The Great Alewife Disconnect

Alewife Geometry Quiz

Given: the Quad and the Triangle are contiguous shapes.

Given: the Quad and the Triangle do not intersect.

Given: a straight line (or lines) could connect The Quad and the Triangle at various points.

Theorem: Connecting the Quad and the Triangle would dramatically improve circulation, enhance quality of life for residents and commuters, and increase property values in both areas.

Proof: The theorem is true Q.E.D., but planning vision and political will to act are sorely lacking.

Alewife study areas

Alewife study areas (note that New Street alls outside the study area)

For those not well versed in the geometric jargon of the The Concord Alewife Planning Study, the Quad and the Triangle are the names given to the 190 acres lying west of Alewife Brook Parkway and bounded to the north and south by Concord Avenue and Route 2. They are contiguous but not connected by virtue of the Metro North commuter rail tracks running east-west between them.

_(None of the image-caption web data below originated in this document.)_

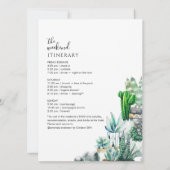 独身最後の週末パーティーと行程のサボテン 招待状 (裏面)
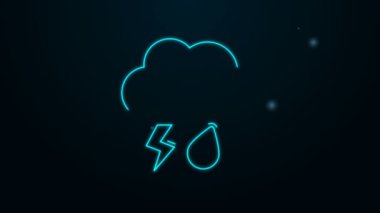 Siyah zemin üzerinde yağmur ve yıldırım simgesi olan parlayan neon hattı. Yağmur damlalı yağmur bulutu yağışı. Fırtına ikonu. 4K Video hareketli grafik canlandırması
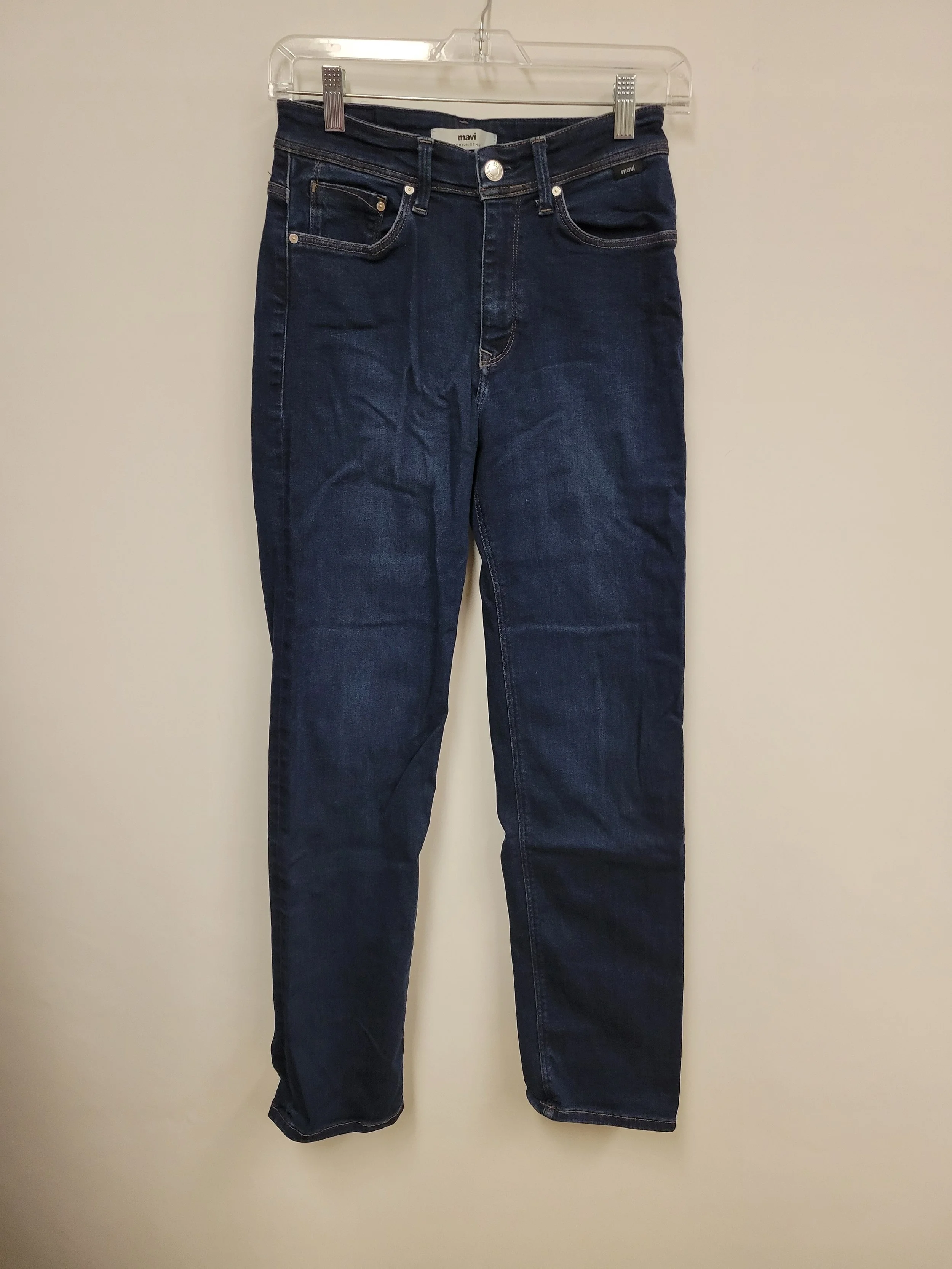 Jean foncé étroit taille haute, coton et lyocell, Mavi, taille 27/30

The Quad (130 acres) and the Triangle (60 acres) present both tremendous opportunities and immense challenges for future planning and development at the western frontier of Cambridge. In the past ten years, these two districts have added almost 2000 units of housing, and at least 1100 more are in the known pipeline. (Note that these numbers don’t include development immediately outside the study area, including large projects and proposals on Rindge Avenue, New Street, Bay State Road, and at the former Tokyo Restaurant site). Yet none of the new vehicle, pedestrian, or bike connections envisioned in the 2005 study has come to pass. A long talked-about pedestrian and bike bridge across the railroad tracks from (somewhere on) Fawcett Street in the Quad to (somewhere on) Cambridge Park Drive in the Triangle is finally being studied, but such a bridge is years — and several million dollars — from completion.

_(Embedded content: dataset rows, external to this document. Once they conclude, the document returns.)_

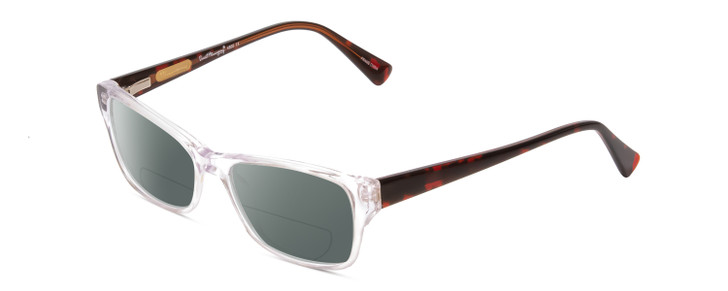 Profile View of Ernest Hemingway H4805 Designer Polarized Reading Sunglasses with Custom Cut Powered Smoke Grey Lenses in Clear Crystal/Red Brown Tortoise Ladies Cateye Full Rim Acetate 52 mm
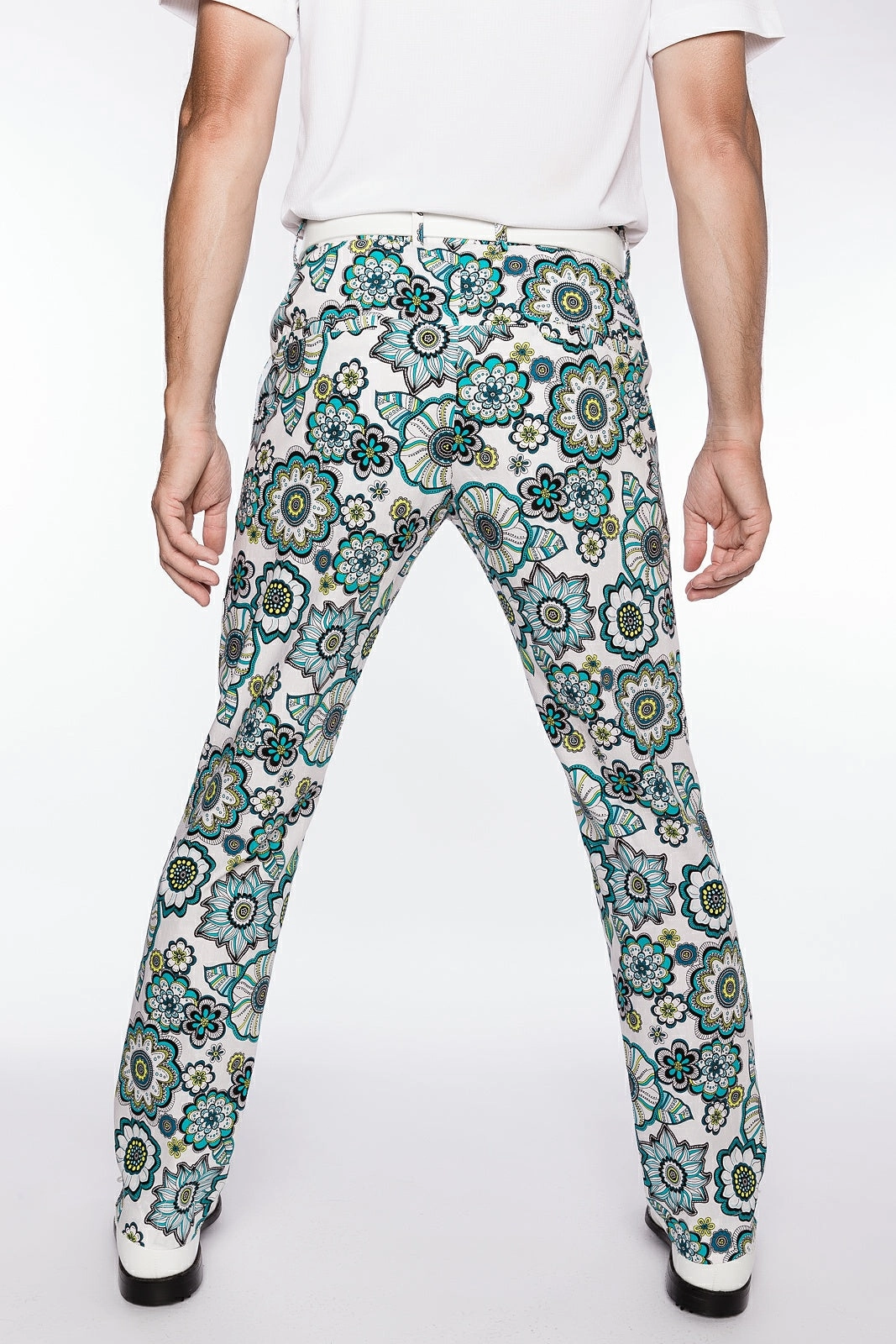Sport Monaco Slim Fit Floral Print Cotton Pants - BLUE / WHITE Sport Monaco Men's Clothing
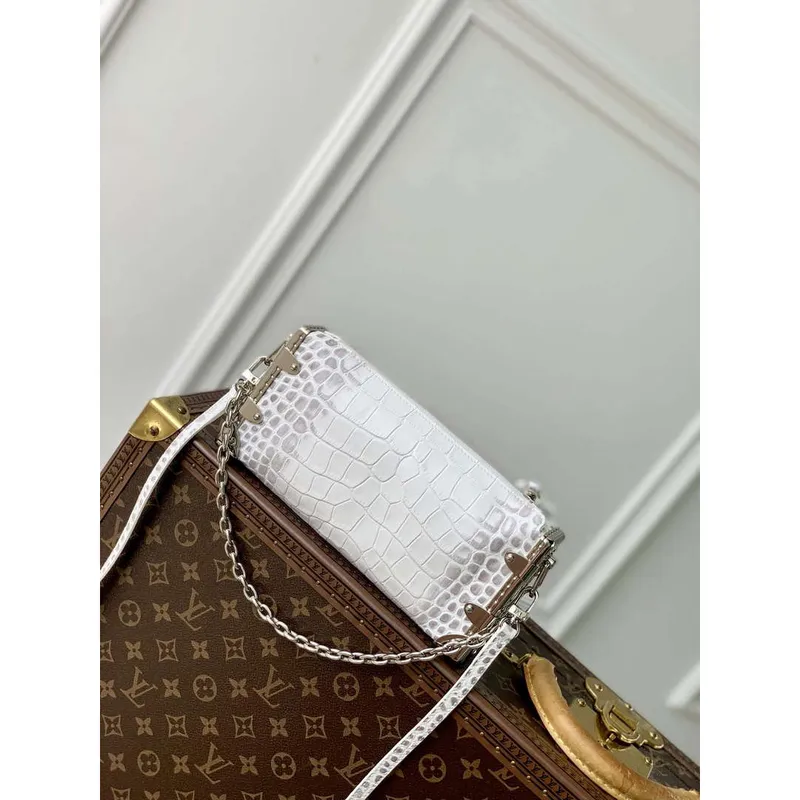 LV M25445 Louis Vuitton Slim Trunk Bag Krokodýlí vzor Bílá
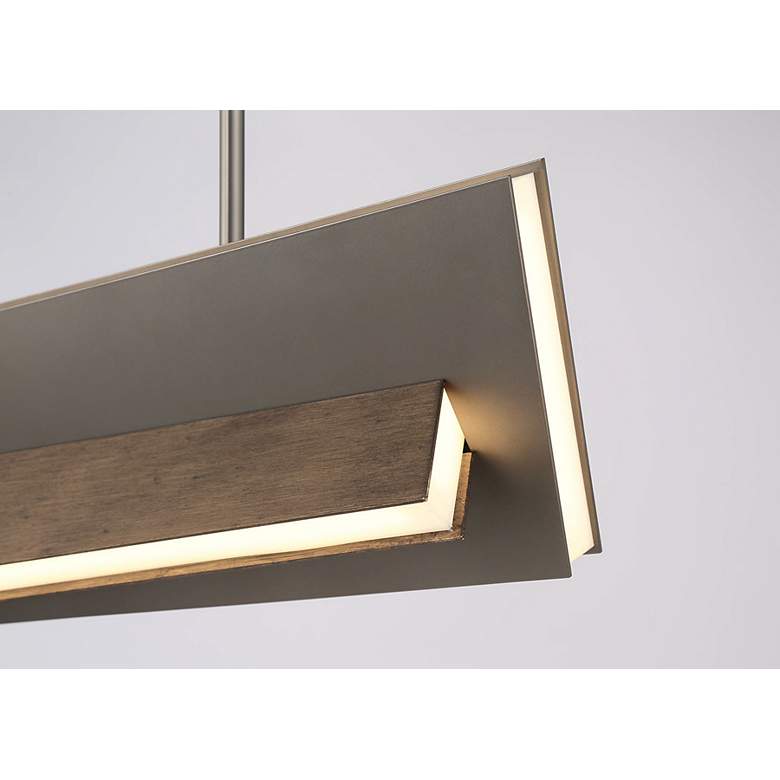 Image 4 George Kovacs Intersezioni LED 1-Light Iron and Walnut Island Chandelier more views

And no one is talking about new connections for cars and buses, even though traffic congestion along Fresh Pond Parkway through Alewife, the rotaries, and beyond is a perennial and growing source of frustration. To insist that traffic on the parkway is a regional problem that Cambridge cannot control ignores the impact that adding thousands of new residents to the Quad and Triangle is bound to have. Even if the majority of these new residents do commute by public transportation, as hoped, many of them will still use cars in their daily lives. And without new crossings, the already overburdened parkway remains the only road connecting the Quad, the Triangle, and all points beyond.

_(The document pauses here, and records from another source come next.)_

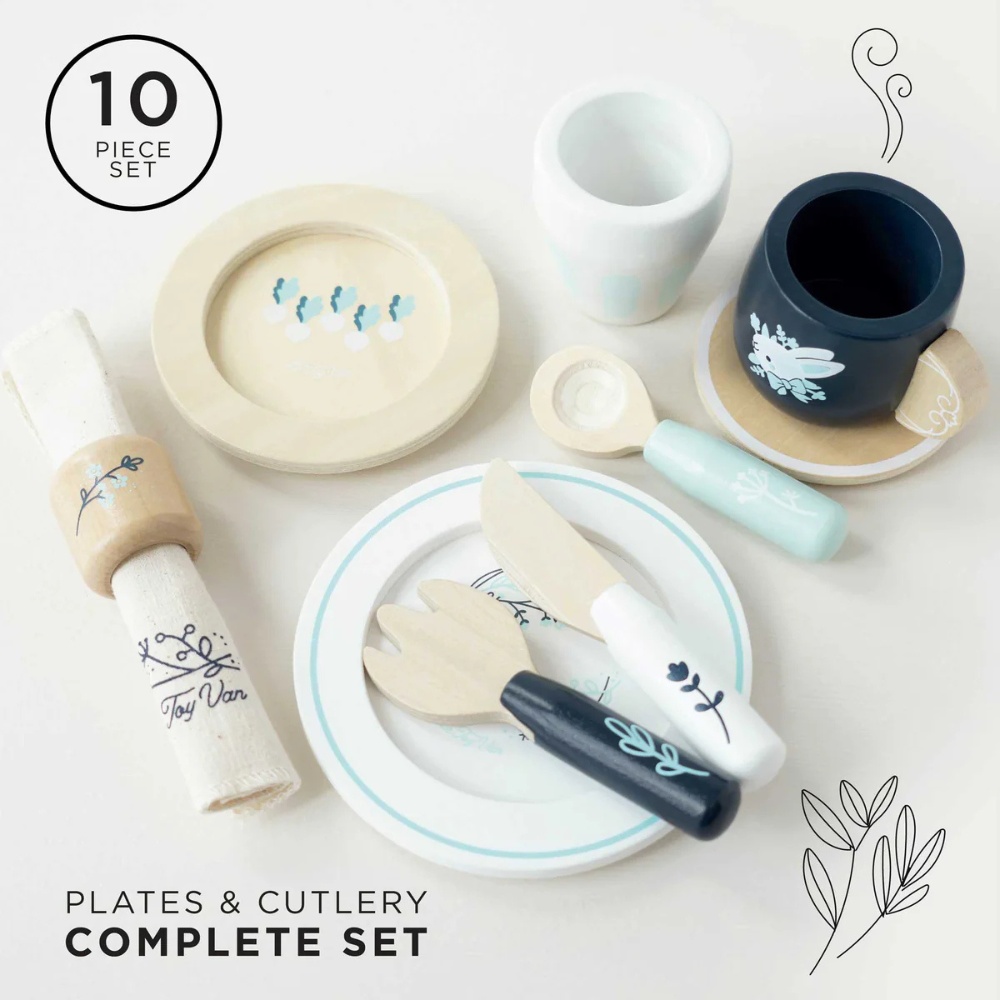 Le Toy Van - Wooden Cutlery & Dinner Set - 10pcs - Image 2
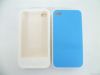 Double colors silicone mobile phone case for iphone4/4s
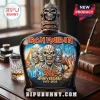 Iron Maiden 50th Anniversary bottle with Eddie artwork featuring pyramids and UK flag in dark glass with metal stopper!
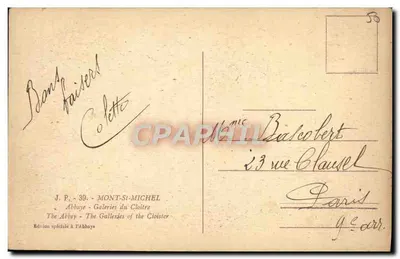 Monte-Santo-Michel — Galerias do Claustro — J.P. - 39 — Verso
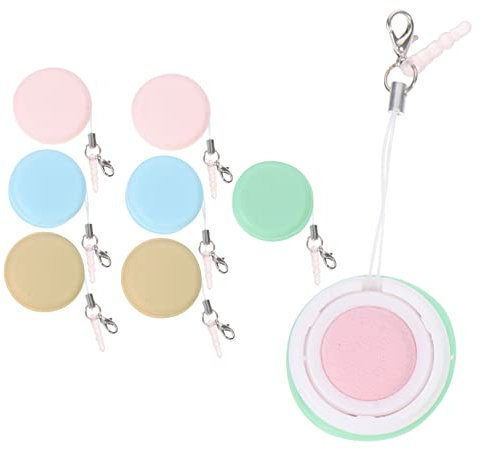 SECFOU 8pcs Macaron Phone Screen and Eyeglass Cleaning Wipes Keychain Holder, Portable Multi-Color Microfiber Cloths for Mobile Phones and Eyewear, Travel Cleaning Kit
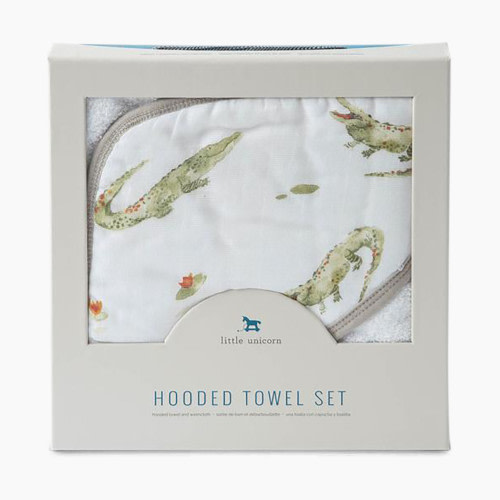 Little Unicorn Hooded Towel & Washcloth Set - Gators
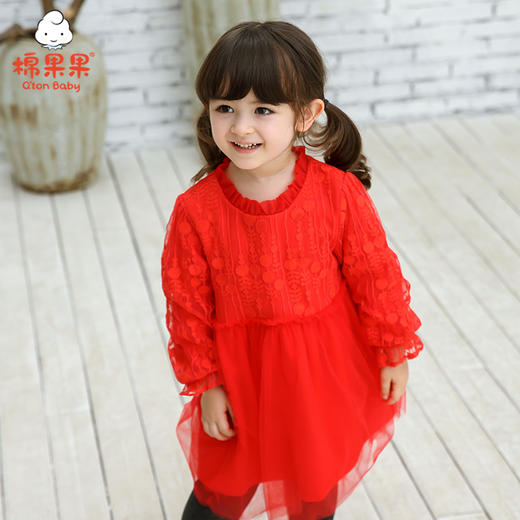 新年款棉果果冬季女童小毛圈长袖新年款喜庆大红色连衣裙M422700420745 商品图0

The surge in residential development in the Triangle (1000+ new units along the Cambridge Park Drive, plus hundreds more on Route 2,) is appropriately transit-centered, as the Alewife T is easily walkable from within the Triangle district. (To note, Cambridge Park Drive is a cul-de-sac and those buildings and Vox On Two share a single vehicle egress on and off Route 2.) But the massive development spree underway in the Quad cannot be justified until similar connections for pedestrians, cyclists, cars, and buses exist there, as well. Property values in both areas would most certainly increase with improved circulation, so why isn’t the City demanding that developers of these parcels help underwrite the cost of constructing new roads, multi-use paths, and railroad crossings within and between the Quad and the Triangle?

For that matter, with so much new development clustered on both sides of the commuter rail tracks, why isn’t Cambridge pushing Metro North to provide a new rail station at Alewife, similar to what is happening at Boston Landing in Brighton? Such a project would better serve both commuters transiting the Route 2 corridor and the many new local residents moving into the area.

In the end, the lack of connections reveals a failure of both vision and political will. It’s not a geometry or an engineering problem, or even a budgetary matter. No, it’s simply the Great Alewife Disconnect, and it’s a crying shame.

From the 2005 Concord Alewife planning study

From the 2005 Concord Alewife planning study

New connections were are "priority" a decade ago so why don't they exist today?

These new connections were are “priority” a decade ago so why don’t they exist today?

Additional infrastructure included in the planning study hasn't come to fruition.

Additional infrastructure included in the 2005 planning study hasn’t come to fruition.